Every line of the material below that holds the string "Design" should be copied.

## The records:
Content starts

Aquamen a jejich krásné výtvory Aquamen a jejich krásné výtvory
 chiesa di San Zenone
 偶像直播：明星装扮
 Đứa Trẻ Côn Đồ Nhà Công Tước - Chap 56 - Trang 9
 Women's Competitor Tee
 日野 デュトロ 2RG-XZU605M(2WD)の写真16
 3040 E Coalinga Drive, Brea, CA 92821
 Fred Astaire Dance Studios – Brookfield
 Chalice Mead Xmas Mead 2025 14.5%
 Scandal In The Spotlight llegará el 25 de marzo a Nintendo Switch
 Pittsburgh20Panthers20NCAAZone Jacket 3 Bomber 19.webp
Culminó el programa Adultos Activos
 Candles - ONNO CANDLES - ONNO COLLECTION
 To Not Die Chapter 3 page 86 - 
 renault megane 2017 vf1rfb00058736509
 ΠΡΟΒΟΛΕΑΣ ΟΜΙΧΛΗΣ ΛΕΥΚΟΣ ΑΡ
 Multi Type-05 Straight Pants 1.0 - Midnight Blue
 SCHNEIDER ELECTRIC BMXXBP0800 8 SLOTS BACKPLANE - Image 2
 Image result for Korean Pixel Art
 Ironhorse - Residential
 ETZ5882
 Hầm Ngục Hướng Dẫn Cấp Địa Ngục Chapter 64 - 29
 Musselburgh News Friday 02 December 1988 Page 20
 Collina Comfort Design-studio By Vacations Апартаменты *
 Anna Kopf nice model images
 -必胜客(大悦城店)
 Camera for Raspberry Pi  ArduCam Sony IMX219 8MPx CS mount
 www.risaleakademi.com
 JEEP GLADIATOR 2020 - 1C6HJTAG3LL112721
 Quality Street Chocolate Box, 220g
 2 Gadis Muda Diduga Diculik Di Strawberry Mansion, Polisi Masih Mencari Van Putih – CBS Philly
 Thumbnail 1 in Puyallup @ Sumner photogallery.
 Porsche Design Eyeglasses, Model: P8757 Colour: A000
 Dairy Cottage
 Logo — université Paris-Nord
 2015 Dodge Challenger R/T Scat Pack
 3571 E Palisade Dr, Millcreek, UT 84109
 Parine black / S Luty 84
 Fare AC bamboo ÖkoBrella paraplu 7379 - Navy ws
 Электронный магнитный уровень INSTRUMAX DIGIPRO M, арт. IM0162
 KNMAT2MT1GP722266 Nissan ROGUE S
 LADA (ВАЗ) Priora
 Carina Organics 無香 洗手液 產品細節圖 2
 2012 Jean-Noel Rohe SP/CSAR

Content ends

## The answer:
 Collina Comfort Design-studio By Vacations Апартаменты *
 Porsche Design Eyeglasses, Model: P8757 Colour: A000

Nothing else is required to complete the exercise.